# New train protection from old transformers



## WildcatRR (Jul 28, 2013)

I have searched the forum threads but can't find where it's located on circuit protection for new trains running with old lionel transformers. Any info would be helpful as I don't want to fry the circuit boards on the newer engines that I have.


Harry


----------



## cole226 (Feb 8, 2013)

tvs diodes and fast trip 3 or 5 amp inline circuit breakers or fuses.

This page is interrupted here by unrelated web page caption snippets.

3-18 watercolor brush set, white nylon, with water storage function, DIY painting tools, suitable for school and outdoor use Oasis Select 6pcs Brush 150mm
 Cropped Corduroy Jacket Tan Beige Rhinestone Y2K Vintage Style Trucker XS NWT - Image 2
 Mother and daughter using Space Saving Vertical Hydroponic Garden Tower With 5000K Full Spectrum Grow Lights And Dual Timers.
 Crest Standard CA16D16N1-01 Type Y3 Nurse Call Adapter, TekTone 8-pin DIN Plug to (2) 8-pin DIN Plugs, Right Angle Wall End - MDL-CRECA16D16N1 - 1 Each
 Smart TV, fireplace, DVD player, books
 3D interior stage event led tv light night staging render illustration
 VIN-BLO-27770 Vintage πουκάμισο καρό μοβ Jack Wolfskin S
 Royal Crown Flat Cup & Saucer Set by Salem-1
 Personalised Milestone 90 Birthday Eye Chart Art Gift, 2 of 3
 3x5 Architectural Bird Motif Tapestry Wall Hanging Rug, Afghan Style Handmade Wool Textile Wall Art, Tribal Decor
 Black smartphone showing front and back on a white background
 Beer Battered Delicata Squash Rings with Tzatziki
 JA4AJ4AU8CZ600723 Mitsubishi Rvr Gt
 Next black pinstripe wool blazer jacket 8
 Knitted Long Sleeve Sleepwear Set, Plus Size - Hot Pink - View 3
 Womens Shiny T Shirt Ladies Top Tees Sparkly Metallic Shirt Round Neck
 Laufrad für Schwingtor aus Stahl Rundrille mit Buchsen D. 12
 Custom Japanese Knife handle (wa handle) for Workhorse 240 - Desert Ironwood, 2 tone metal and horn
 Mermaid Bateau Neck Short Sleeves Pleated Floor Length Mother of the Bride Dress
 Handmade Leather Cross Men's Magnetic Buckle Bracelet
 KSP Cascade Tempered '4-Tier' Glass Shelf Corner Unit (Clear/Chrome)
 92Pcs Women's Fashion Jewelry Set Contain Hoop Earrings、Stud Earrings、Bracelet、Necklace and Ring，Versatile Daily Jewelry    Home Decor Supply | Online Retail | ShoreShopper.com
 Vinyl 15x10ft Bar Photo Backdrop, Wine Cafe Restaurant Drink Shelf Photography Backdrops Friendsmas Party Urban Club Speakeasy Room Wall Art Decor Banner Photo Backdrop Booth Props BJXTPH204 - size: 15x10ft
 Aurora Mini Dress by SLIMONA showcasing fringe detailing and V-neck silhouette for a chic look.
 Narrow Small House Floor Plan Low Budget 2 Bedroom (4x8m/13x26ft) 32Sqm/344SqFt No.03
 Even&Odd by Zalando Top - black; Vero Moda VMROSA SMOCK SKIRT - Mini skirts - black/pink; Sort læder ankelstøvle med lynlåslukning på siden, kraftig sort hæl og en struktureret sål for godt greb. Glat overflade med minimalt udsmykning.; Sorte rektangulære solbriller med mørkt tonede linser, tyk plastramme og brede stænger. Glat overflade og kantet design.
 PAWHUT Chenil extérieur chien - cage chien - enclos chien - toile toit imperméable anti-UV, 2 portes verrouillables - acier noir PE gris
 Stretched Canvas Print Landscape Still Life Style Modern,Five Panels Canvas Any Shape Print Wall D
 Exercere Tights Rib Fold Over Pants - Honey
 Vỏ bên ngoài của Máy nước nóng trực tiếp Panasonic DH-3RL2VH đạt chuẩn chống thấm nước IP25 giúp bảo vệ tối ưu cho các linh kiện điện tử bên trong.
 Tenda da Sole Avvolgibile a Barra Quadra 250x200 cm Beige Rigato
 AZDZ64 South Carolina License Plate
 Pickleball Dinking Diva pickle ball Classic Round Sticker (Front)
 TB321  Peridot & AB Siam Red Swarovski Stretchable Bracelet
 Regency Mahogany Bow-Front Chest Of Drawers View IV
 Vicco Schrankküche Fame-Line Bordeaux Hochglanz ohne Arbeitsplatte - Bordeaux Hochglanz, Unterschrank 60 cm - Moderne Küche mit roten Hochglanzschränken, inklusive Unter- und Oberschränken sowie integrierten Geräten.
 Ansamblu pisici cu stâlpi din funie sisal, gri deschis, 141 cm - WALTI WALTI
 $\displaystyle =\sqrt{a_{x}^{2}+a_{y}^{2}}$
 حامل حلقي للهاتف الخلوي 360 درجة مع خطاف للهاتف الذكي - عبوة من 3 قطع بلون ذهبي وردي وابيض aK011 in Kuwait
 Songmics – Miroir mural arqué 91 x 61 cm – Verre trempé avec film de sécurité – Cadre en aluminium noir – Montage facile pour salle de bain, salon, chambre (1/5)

self resetting breakers work best imho.

link http://www.modeltrainforum.com/showthread.php?t=117026&highlight=circuit+breakers


----------



## WildcatRR (Jul 28, 2013)

Thanks for the info. best to play it safe than sorry.

Harry


----------



## DennyM (Jan 3, 2016)

I used this 5 amp circuit breaker with my post-war ZW. It reacts instantly and resets with a push of a button. I put it in-line between the transformer and the track. I just soldered the wires to the plugs.


----------



## WildcatRR (Jul 28, 2013)

Thanks Denny. Please keep the ideas and types coming.

Harry


----------



## Krieglok (Sep 7, 2013)

DennyM said:


> I used this 5 amp circuit breaker with my post-war ZW. It reacts instantly and resets with a push of a button. I put it in-line between the transformer and the track. I just soldered the wires to the plugs.
> 
> View attachment 402314


That is a great set up, Denny. Where did you find that circuit breaker?

Tom


----------



## beachhead2 (Oct 31, 2017)

WildcatRR said:


> Thanks Denny. Please keep the ideas and types coming.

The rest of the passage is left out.